#### [What you will do]
Copy out the lines beginning at the one with "臺灣🚍8H出🉑多功能拉背條按" and ending at the last line of the data, both included; pictures stay out.

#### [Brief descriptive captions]

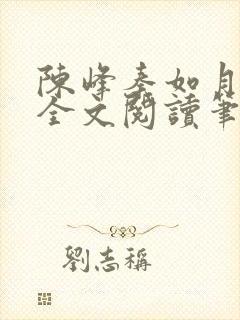 陈峰秦如月免费全文阅读笔趣阁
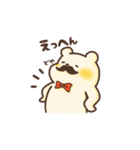 ゆるっともちくま（個別スタンプ：35）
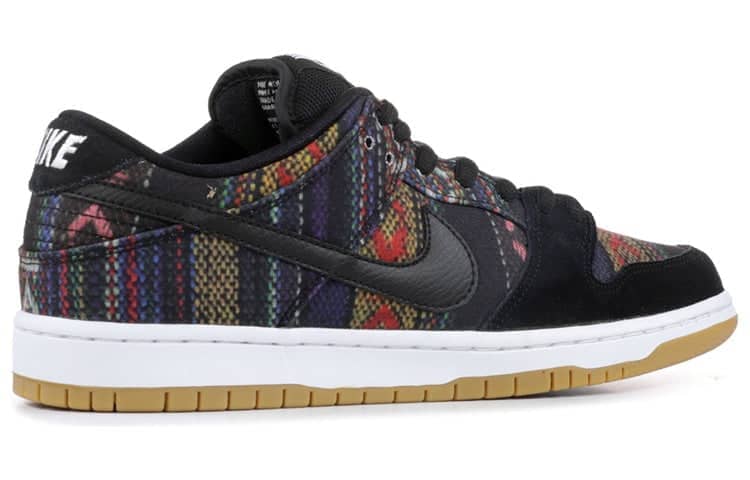 Nike Dunk Low Premium SB Qs 'Hacky Sack'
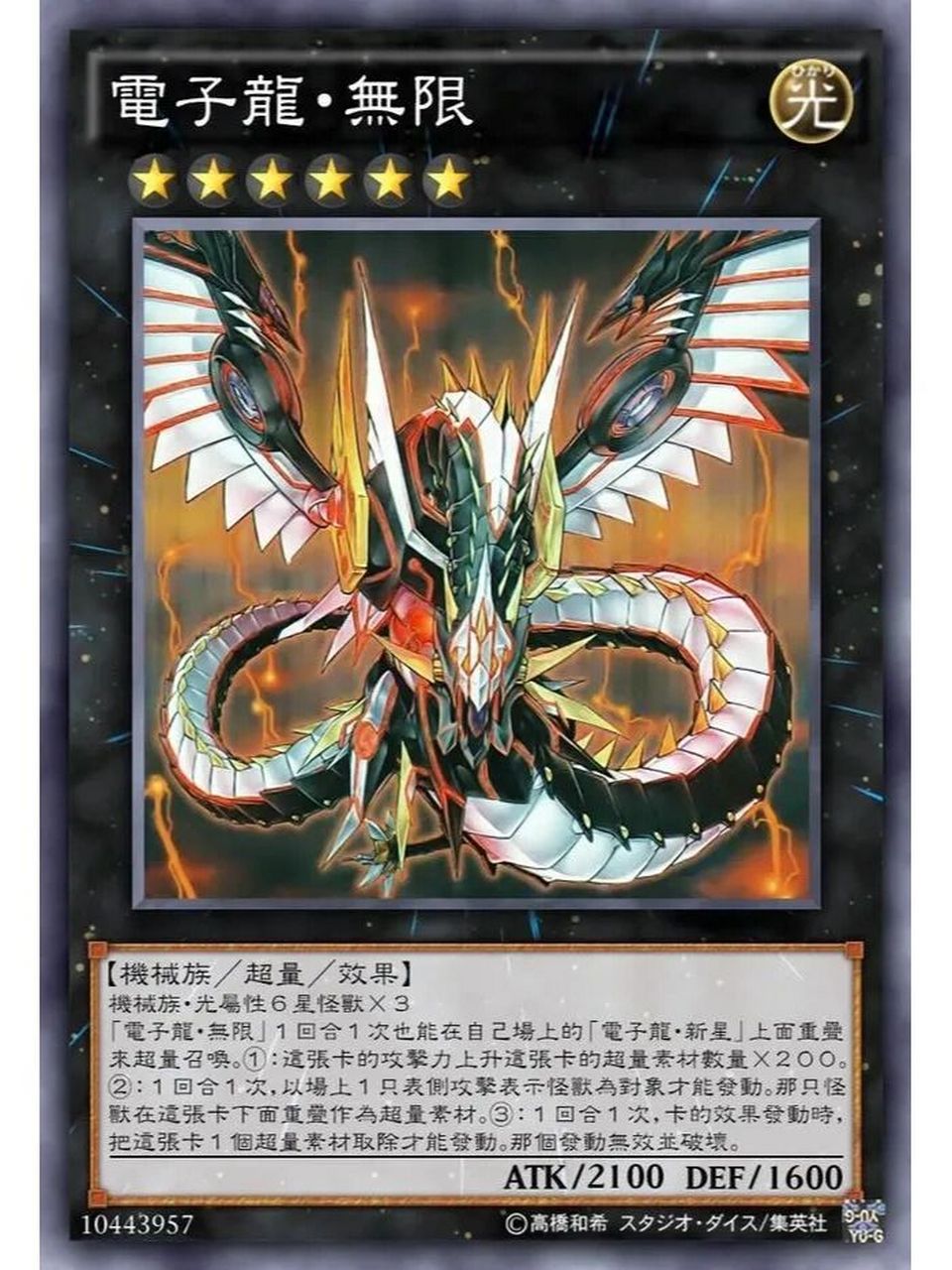 游戏王卡片分享—电子龙补强第二弹 本期继续分享电子龙补强,本期的卡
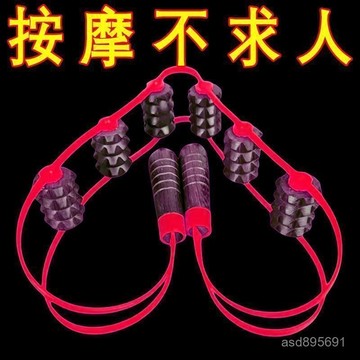 臺灣🚍8H出🉑多功能拉背條按摩器肩頸椎背全身疏通新款不求人手部手動滾輪脖子 BJDY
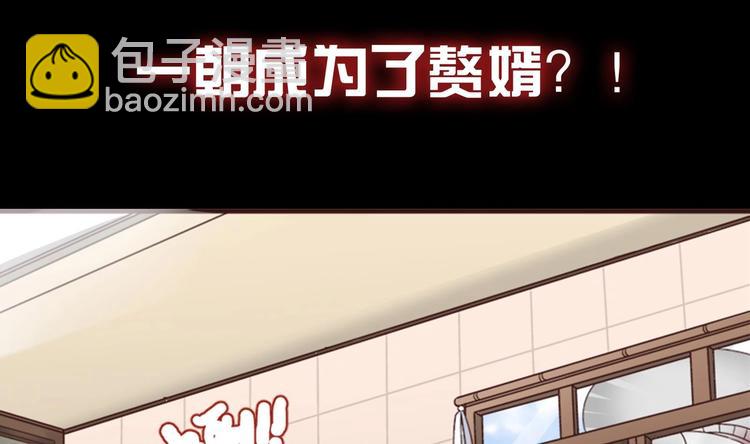 第0话 最强预告！(1/2)-第1话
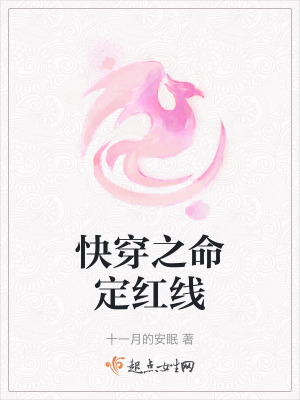 快穿之命定紅線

#### [Answer to this problem]
 臺灣🚍8H出🉑多功能拉背條按摩器肩頸椎背全身疏通新款不求人手部手動滾輪脖子 BJDY
 第0话 最强预告！(1/2)-第1话
 快穿之命定紅線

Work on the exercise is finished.